Tiere kommen auch wieder vor. Im ersten Band der als Anekdotensammlung getarnten Künstler-Autobiografie "Ärger mit der Unsterblichkeit" schilderte Andreas Dorau 2015 schon seine Abschlussarbeit an der Münchner Filmhochschule: eine fingierte Quizsendung namens "Schlag Dein Tier". Und für Pressebilder posierte er mit dem geistreichen, gar nicht geisterhaften Ghostwriter des Buches, Sven Regener, mit zwei Kaninchen. Diesmal hält das kongeniale Duo Hund und Henne in die Kamera. "Tiere sind die besseren Menschen", behauptet der schrullige Ich-Erzähler im zweiten Band "Die Frau mit dem Arm" (Galiani). Der ist so etwas wie eine Fortsetzung und erzählt vor allem Doraus lust- wie leidvolles Leben nach der Jahrtausendwende. Also geht es auch um einen Schwan, sein Musical "König der Möwen" und einen weißen Wal.

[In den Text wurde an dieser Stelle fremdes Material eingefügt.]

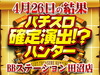打っていいのは...ハントが出来る奴だけだ!?パチスロコードギアス反逆のルルーシュR2 & C.C.verよりWハントに成功!!4月26日(金)パチスロ確定演出!?ハンター@BBステーション田沼店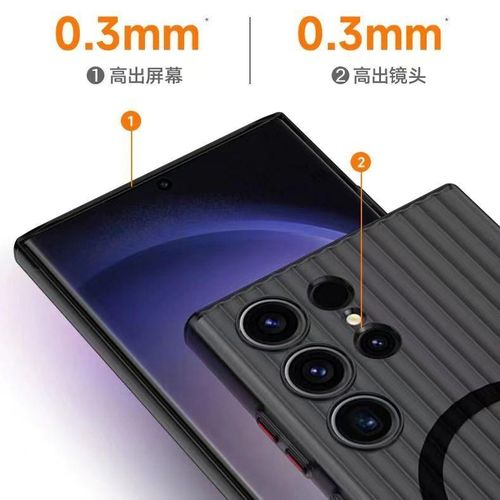Applicable to Samsung S24ultra Phone Case Corrugated Grating Magnetic Suction S23ultra Ice Fog Drop-Resistant Protective Cover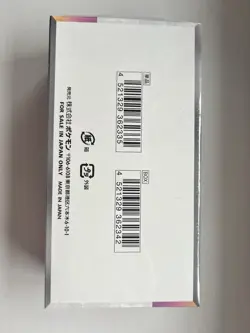 Pokemon Japanese Terastal Festival [sv8a] Booster Box - New & Sealed - Image 4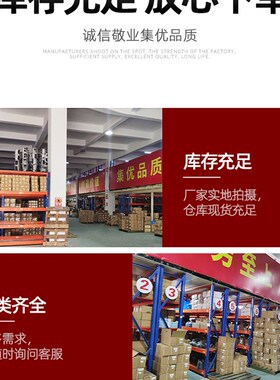 船用液压舵机舵配件CSBF-G20手动比例流量方向复合阀CSBF-G32/40/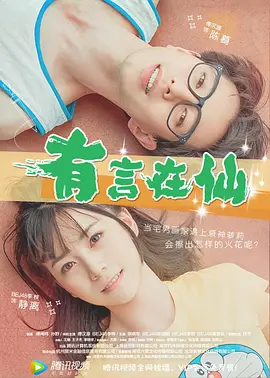 亚洲一区二区三区免费看-最近更新中文字幕超清在线观看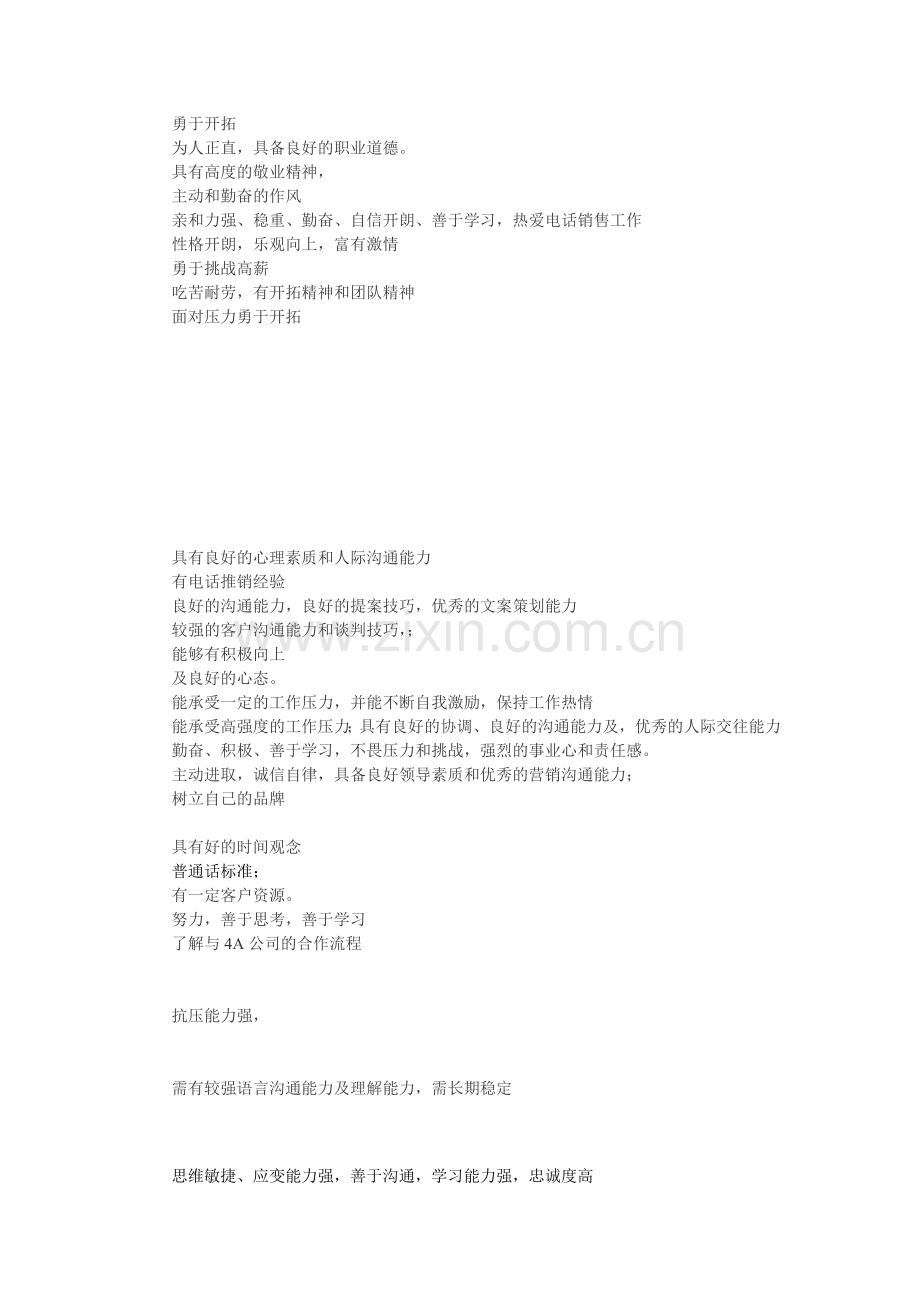 顶级销售员要求.doc_第2页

Als weißen Wal definiert Dorau "ein Stück Pop-Musik, das zum Hit wird, ohne dass die Plattenfirma oder man selbst damit gerechnet hat", quasi ein "Ausrutscher nach oben". "Fred vom Jupiter", sein Königsmacher-Stück von 1981 in der Neuen Deutschen Welle, könnte man so bezeichnen. Allerdings war Dorau damals erst 15, und er schrieb es nicht für eine Plattenfirma sondern in der Projektwoche "Wir machen einen Pop-Song" der Jenfelder Otto-Hahn-Gesamtschule. Ohnehin redet er seinen Beitrag an der Nummer im Gegensatz zu dem der singenden Mitschülerinnen, den Marinas, abermals klein (im Video spreche er nur ein paar Zeilen und zeige seinen Ein-Fuß-links-ein-Fuß-rechts-Tanz). Ganz so putzt sich Dorau fortwährend sympathisch herunter: "Mein Weg ist der des ewig Unbegabten." Das Buch stolpert von einer Katastrophe (als DJ im Club Berghain) ins nächste Desaster (pleite durch Merchandise-Verkauf).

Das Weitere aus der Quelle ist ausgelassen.